Analysis

Run analysis

The analysis page allows you to run any analysis on your data in the database.

Writing functions

Analysis functions include the analysis functions present in the Antelop standard library, and additionally, custom analysis functions found in the analysis folders you have defined in your configuration file. Custom analysis functions are written in Python and must follow a certain structure. This is detailed in Writing Analysis Functions.

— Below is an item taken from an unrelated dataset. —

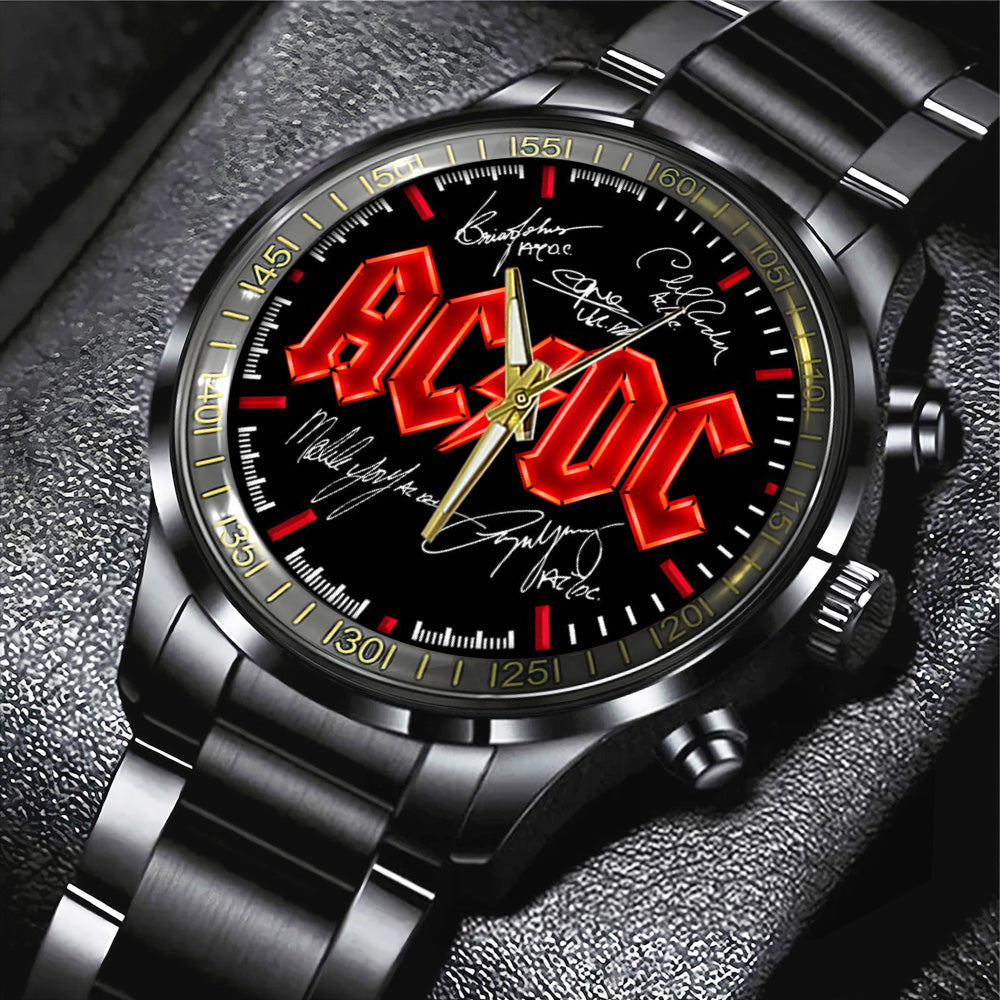 AC/DC Black Stainless Steel Watch – TANTN 12052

While writing analysis functions, it is convenient to be able to reload your edits without restarting the gui. To do this, just use the reload button.

Data input

When a function is written correctly within our guidelines, Antelop is able to automatically detect the input data it requires, and allows you to query the database graphically to automatically run your routines on a subset of the database without having to fetch data manually. Additionally, it is able to read the parameters your function takes to allow interactive input. It also reads the output types of your function to save or display results of different data types appropriately.

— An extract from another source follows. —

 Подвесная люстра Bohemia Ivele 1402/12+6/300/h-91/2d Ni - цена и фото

Functions are organised into ‘folders’, which correspond to the name of the script they belong in. After selecting a function, you then select the subset of the database you want to run your function on, and input parameters to the function.

Running analysis

Local mode

There are then two modes to run your analysis. Local mode lets you run the function on your local machine. This can be useful on small datasets, or to test your function as you write it. Most results are displayed in a dataframe, however, if your function returns a Matplotlib figure, then figures will be displayed in different tabs.

Cluster mode

If you are running your function on a very large dataset, then we recommend using cluster mode. In this mode, you are able to are able to select computational parameters such as the number of CPUs, memory, and the estimated time of the job. We parallelise the operation of this so that different database entries are processed in parallel on a single core each. This is because we assume most analysis functions are written in a single-process manner (for example, most of our standard library is essentially pure NumPy). If you are writing more complex analysis routines that leverage multiple cores, or GPUs, then it is recommended to write this outside of our analysis framework, using your own DataJoint queries to fetch data and manage parallelisation yourself.

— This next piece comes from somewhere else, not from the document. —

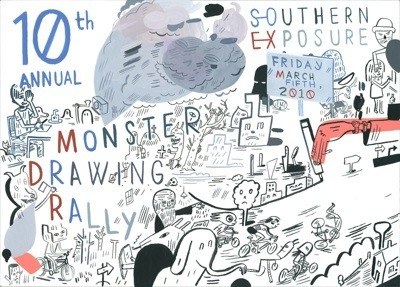 Southern Exposure’s 10th Annual Monster Drawing Rally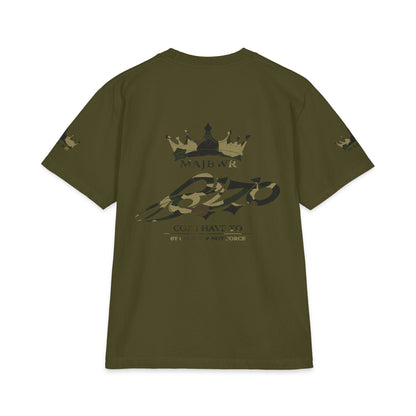 MAJBWR - Camo Black/Olive/Hunter Green Oversized Heavyweight T-Shirt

You also need to select a location to save your results, as they will not be displayed in the gui. Our output creates a new folder with the results inside. Results are saved as pickled Pandas dataframes. They can be loaded back into Python using the pd.read_pickle function. Figures are saved as PNGs, and their relative file path is included as a link in the dataframe.

We also save a custom json file called query.json which is designed to facilitate reproducibility for publications. More detail on this is detailed below.

Reproduce analysis

Our custom json file aids reproducibility by specifying exactly the analysis function that was run, the exact database restriction it was run with, as well as a hash of the function and of the database fetch results, to ensure data consistency. This file can be used to rerun the exact same analysis on the exact same data, and is designed to be included in supplementary materials for publications. For details of this, see Reproducibility Framework.

The gui page to do this is very simple: you jsut need to select your reproducibilty json file. You can then check the hashes, which checks whether all the criteria needed for reproducibility are met, and can then run your funciton just like before.